A new sitcom starring Melissa Fumero and Randall Park, "Blockbuster," premieres Friday on Netflix. Photo courtesy of Netflix
NEW YORK, Nov. 2 (UPI) -- Fresh Off the Boat alum Randall Park and Brooklyn Nine Nine actress Melissa Fumero say their new workplace comedy, Blockbuster, might be a wake-up call to people who tend to isolate themselves or spend too much time staring at screens.
"I hope this is a gentle reminder of the value of human connection," Park told UPI in a recent Zoom interview.
"There is a longing and a craving for community and for more person-to-person connection. So much of the show is about that very longing," she said.
Premiering Thursday, the show follows longtime friends Timmy and Eliza as they try to keep alive the last titular video-rental store on Earth. Tyler Alvarez, Madeleine Arthur, Olga Merediz and Kamaia Fairburn play their co-workers Carlos, Hannah, Connie and Kayla.
Some viewers may see themselves in the characters, as they struggle to save a sinking ship in a changing world, where most people watch TV and films via streaming platforms instead of on DVD players or VCRs.
"It's hard to have a small business, nowadays, maybe more than any other time. Hopefully, that is something people will really connect to," Fumero said.

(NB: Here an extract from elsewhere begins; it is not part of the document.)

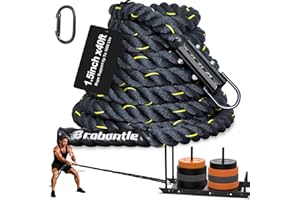 Brobantle Weight Sled Pulling Rope 15FT/20FT/30FT/40FT, Trainer Physical Training Strength Rope for Workout Sled,Tire Pulling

Timmy, who has been working at Blockbuster since he was a teenager, is extremely devoted to the store, its employees, customers and the Michigan neighborhood where it is located.
"He lives and breathes Blockbuster, so when this store is hit with such hard times, it is very personal to him," Park said.

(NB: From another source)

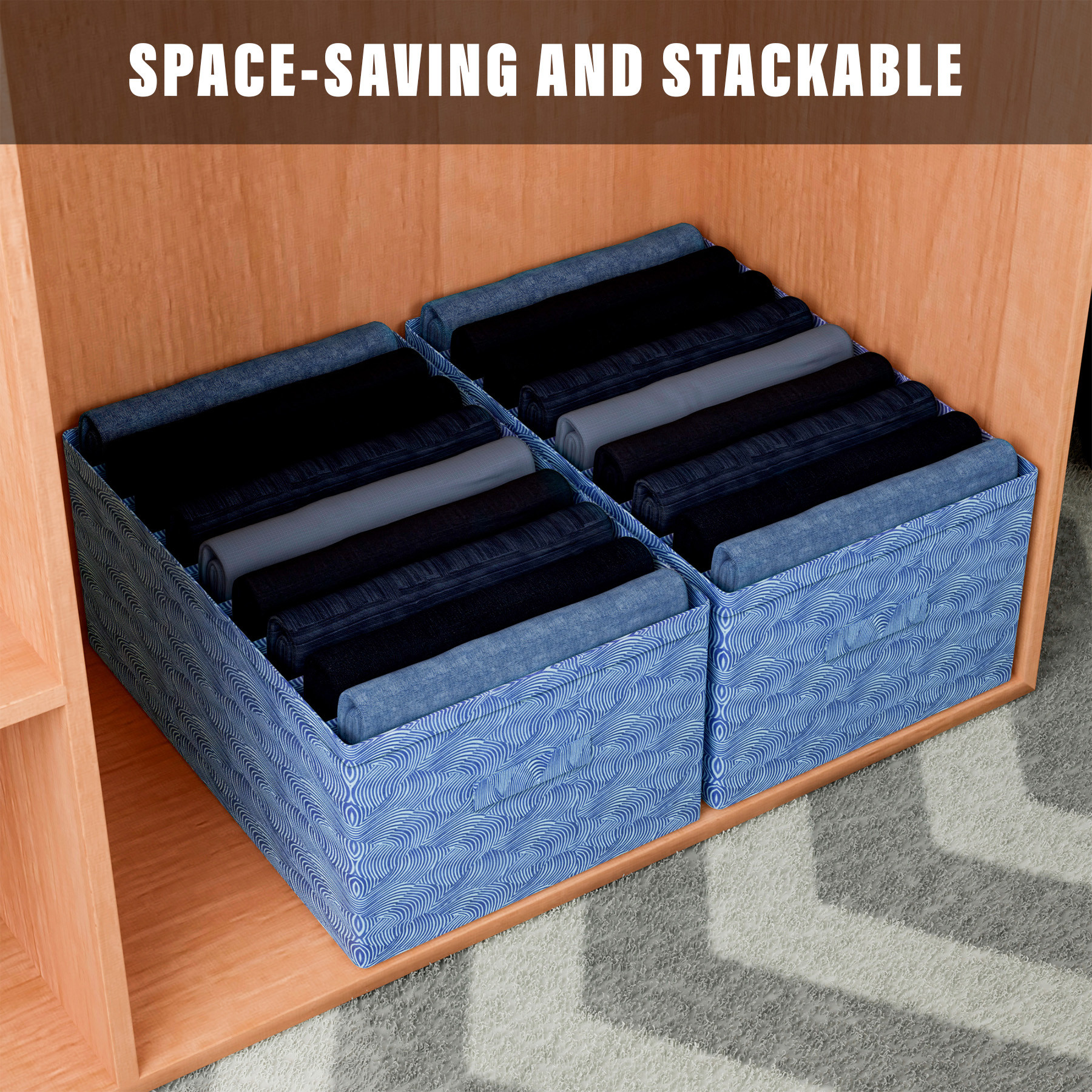 Kuber Industries Trouser Box | Wardrobe Organizer | Clothes Organizer | Storage Box for Pants-Shirt-Sweaters-Bra Panty-Socks | 9-Grid Closet Organizer | Zig-Zag | Large | Blue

"Eliza, not so much," Fumero said, causing Park to laugh.
"She worked at the Blockbuster for one summer in high school and through a series of events in her life has found herself re-entering the workforce," she added.
"Because it's been so long, the only job she can really get is at Blockbuster because her friend manages the store, which I feel like might also be a story line people relate to, especially mothers and women."
The actors enjoyed exploring the "will they or won't they?" romantic aspect of their characters' decades-old friendship, too.
"When we meet them, they already have a rhythm. They already have a banter," Fumero said. "We're not seeing two people get to know each other. We are meeting two people who know each other so well."
Park described the opportunity to work with Fumero as "such a thrill."
"I get to work with someone I respect so much and then work on this material!" he said.
"There's a lot of depth to it and it's important because these characters have known each other so long and the complications of having those feelings amid this history is so fun to play."
Showrunner Vanessa Ramos said she based the series' characters on people she knows and penned the scripts during the height of the coronavirus pandemic in 2020-21.
"It was a little bit me trying to feel the people I miss. I'm hoping it scratches the itch of wanting connection more than anything," Ramos told UPI in a separate Zoom interview.
Reasons vary for why the store's staff members stay at a place that is clearly financially unstable.
"Randall's character loves movies and has a prescription for the customers. He knows exactly what you need when you need it," Ramos said.
"Eliza's found herself there due to circumstances, Carlos loves movies. It's a mixed bag of people who are diehards and people who just need a paycheck. Timmy makes them care about the store and each other."
The plot of one episode shows panicked people running to Blockbuster to grab DVDs after a solar storm knocks out the Internet.
"In the writers' room, it was an exercise. Does anyone know their parents' phone numbers anymore?" Ramos said, referring to how dependent people have become on their cellphones for vital information and access to services.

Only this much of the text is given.